Paying for the wine and champagne this morning, just touching down at work. Have some editing to do, post to owner’s blog, and other projects. Ready for the day, in fact altogether eager to get it off the ground, but not moving fast. Sipping the 4-shotter (mocha) slow, but with steady thesis. Will write throughout the day… try to pocket as much story as I can. Right now, having the laptop read Debra’s post to me. Too tired to critically read. I’ll wake up, and become more lively, alive, one of the living as the day on goes.
Want to wake early like I did Tuesday and run, or write, or both. If I would have risen so this morning, who knows how much I’d have written— Been stressing about publishing vs. sticking to blog, or what I mean is printing asking myself ‘should I print and if so how much..’ Interesting, as yesterday I wrote about not thinking so much and here I overthinking my overthought which pushes me over patience’s edge. Ugh… consolidate, idiot!
quote for day: “In one kiss,/you’ll know all/I haven’t said.” -Pablo Neruda
These pages are my kisses, what I don’t say. And frankly, as many of you know, I’d rather write than talk anyway. And I love anyone who takes the time to read my kisses, my days and minutes and moments.

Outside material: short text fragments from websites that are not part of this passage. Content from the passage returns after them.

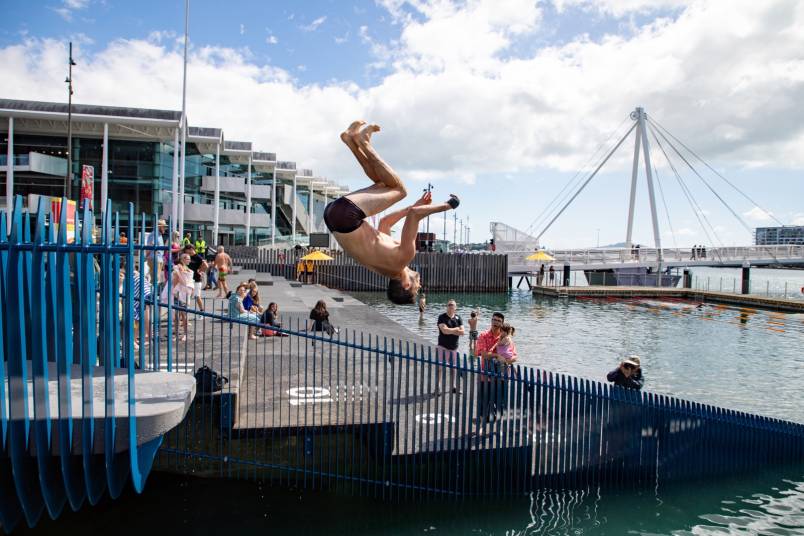 A person diving off of Karanga Plaza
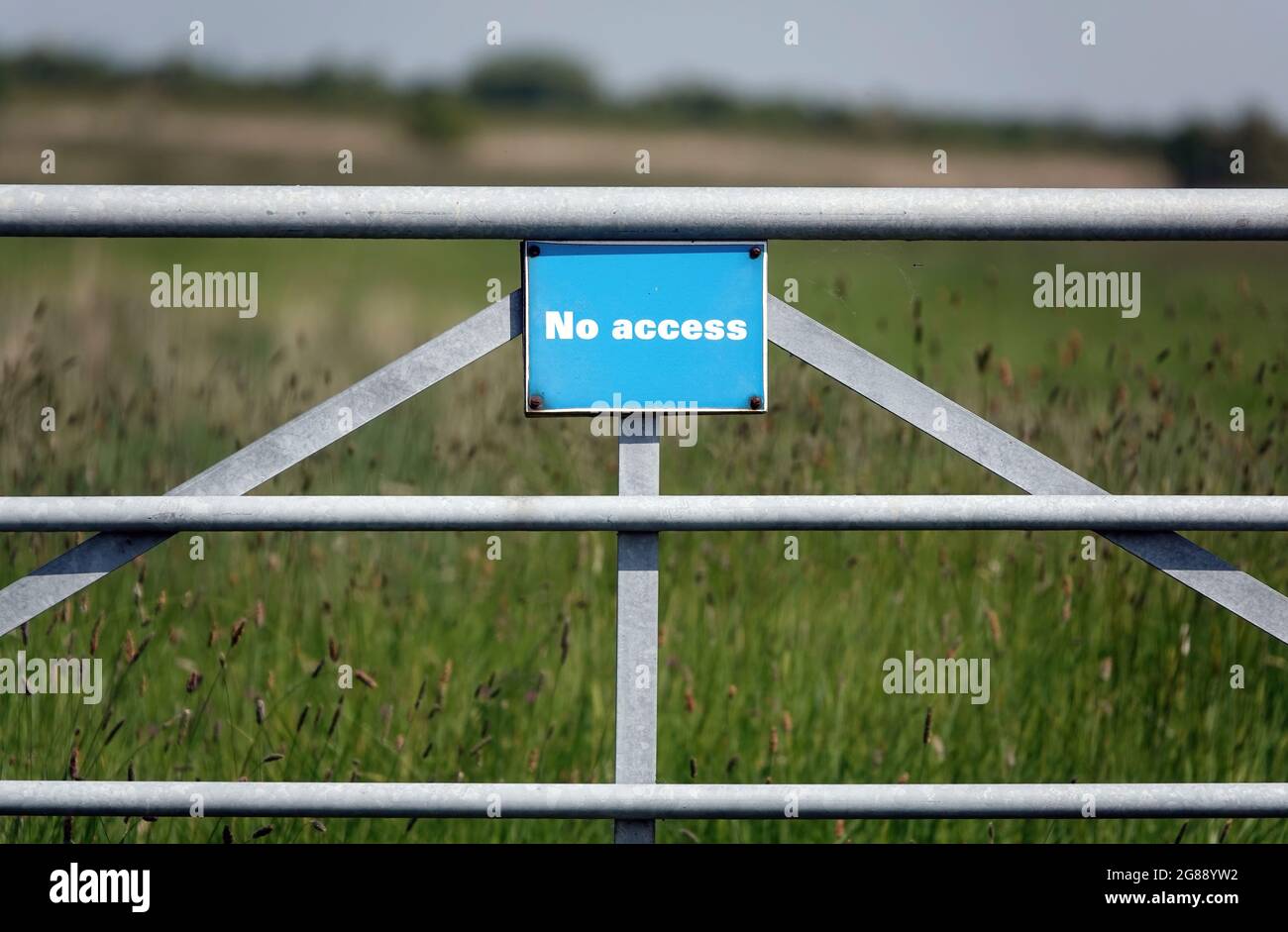 Une clôture en métal gris dans le champ avec un signe bleu avec l'inscription « no Access » Banque D'Images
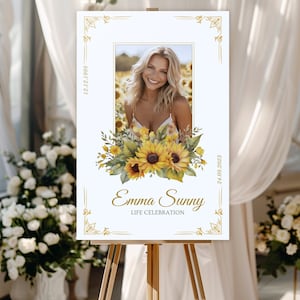 May include: A white sign with a gold frame and sunflowers. The sign reads "Emma Sunny Life Celebration" with the dates "19.11.1985" and "21.01.2023". A photo of a woman is in the center of the sign.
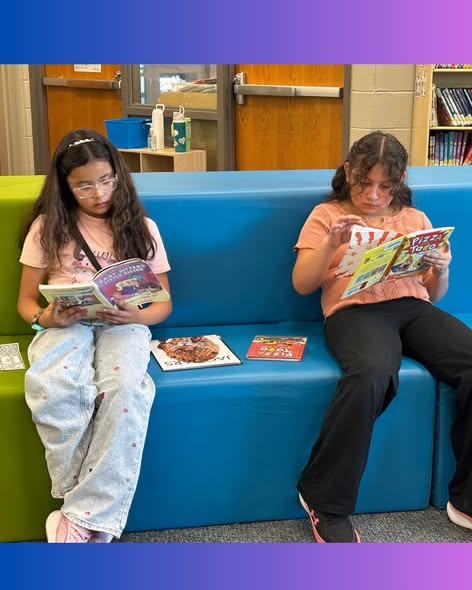 Two girls sit on a colorful library bench, reading comic books. More books are placed on the bench between them.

This is more pure me than if you asked me to tell you about me, about my life and what I do, what I want to do and where I want to go. 9:49 now, almost done with mocha, the wine’s voice barely anymore heard. So I quicker move, need more French, any French for the day, a single word— ‘bisou’, meaning kiss. As in ‘a’ kiss, not TO kiss, which would be baiser. Next step in my learning French, verb conjugation. Along with all else I have going, but learning French, part of my story. Has to be.